Finding—and Painting—the Drama in Everyday Items
David Aipperspach, Assistant Professor of Art and Art History
When you think of a dramatic image, a microwave oven may not be the first thing that comes to mind. Nor a flannel-clad torso or a box fan. But for painter David Aipperspach, researching—and then identifying ways to represent—the dramatic relationships of light and shadow in everyday items is an important aspect of the art he creates.
“A few years ago a critic called some of my work ‘deadpan sci-fi,’ which I thought was interesting,” said Aipperspach. “All the subjects, such as microwaves, torsos, and little sets of flowers, are recognizable to a broad audience. Yet as a body of work it’s interesting how these seemingly ubiquitous, everyday or deadpan subjects can be imbued with ambiance, drama, and tension—which you might expect to see in a genre like science fiction—just by the way they are cropped, rendered, and lit.”
Aipperspach, who is an assistant professor of art and art history in painting and printmaking, is also interested in how time gets recorded in a painting. For his “Fan” series, he animated a box fan by taping streamers to it and turning it on. He then used a combination of models and photography to help understand some of the blurring effects and create the illusion of light and motion.
“This is a good example of where it’s obviously a split second that is captured, but the painting was made over a very long time because the process is slow and meticulous. When we read painting, we sort of read all that labor, whether it’s conscious or subconscious.”

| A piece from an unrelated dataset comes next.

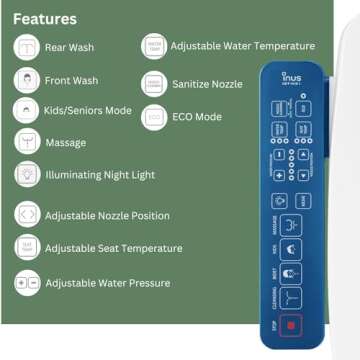 Inus N31 Electric Heated Bidet Toilet Seat Elongated, Warm Water, Smart Heated Water Luxury Bidet Toilet Seat with Night Light, Self Cleaning Nozzle, Tankless, Smart Touch Panel & Temperature Control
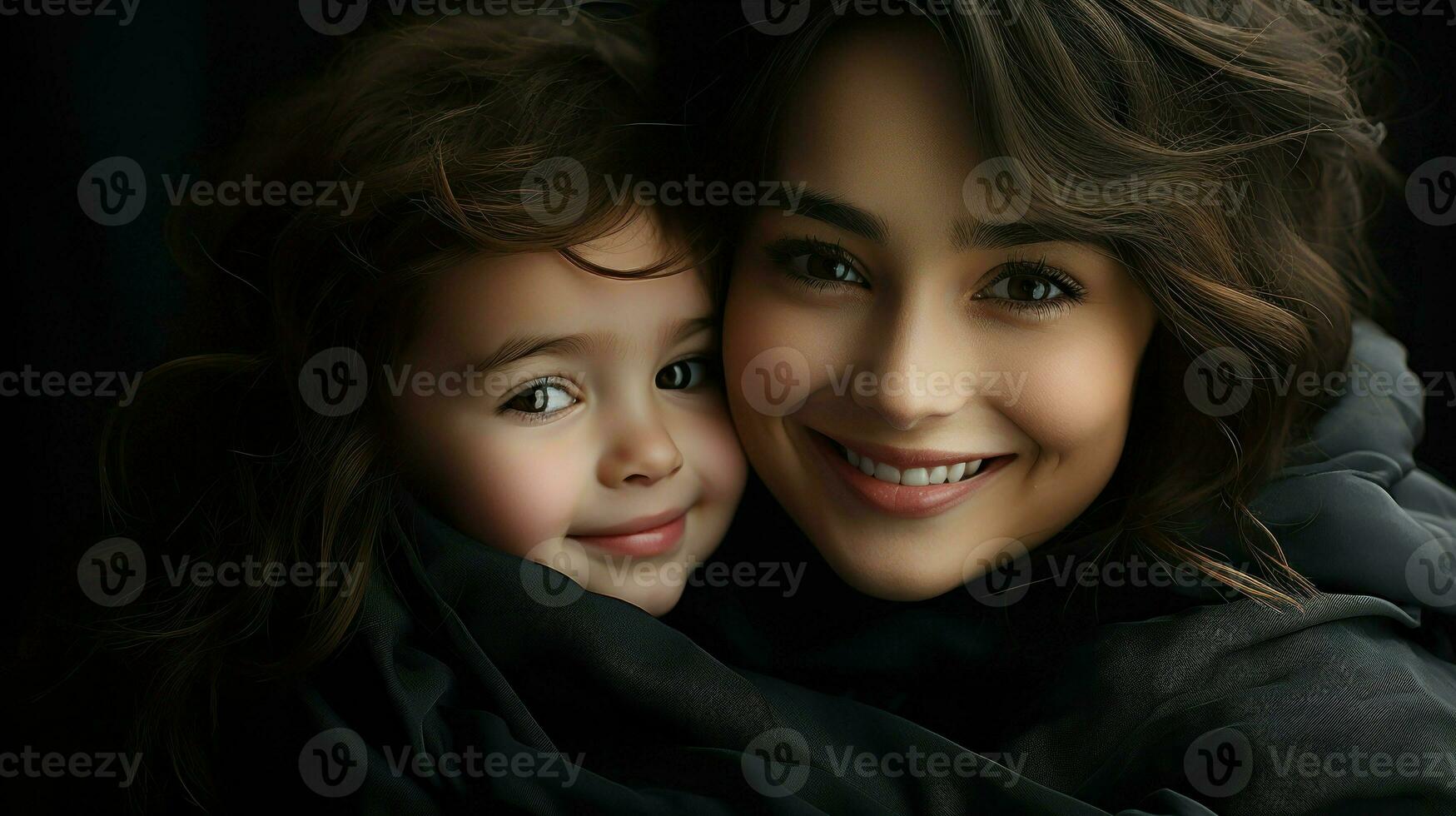 Close-up of a mother and daughter sharing a tender moment.. Generative AI photo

His newest work also explores the representation of time in paintings. Inspired by a three-week residency at the Soaring Gardens Artist Retreat in Laceyville, Pa., Aipperspach made small paintings from observation with the intention of creating larger versions in his Philadelphia studio. Each 7’ x 6’ painting in this series depicts a particular interior or exterior tableau recorded on site and is stamped with inset frames of various bands of color that mark the pocket of time represented.
“I stood outside throughout those three weeks at different hour markers and created color studies. I looked out and recorded the changing bands of color in the sky and in the stacked, receding horizons characteristic of that region. It’s like a clock; a way of recording time based on how the light changes as the sun sets.”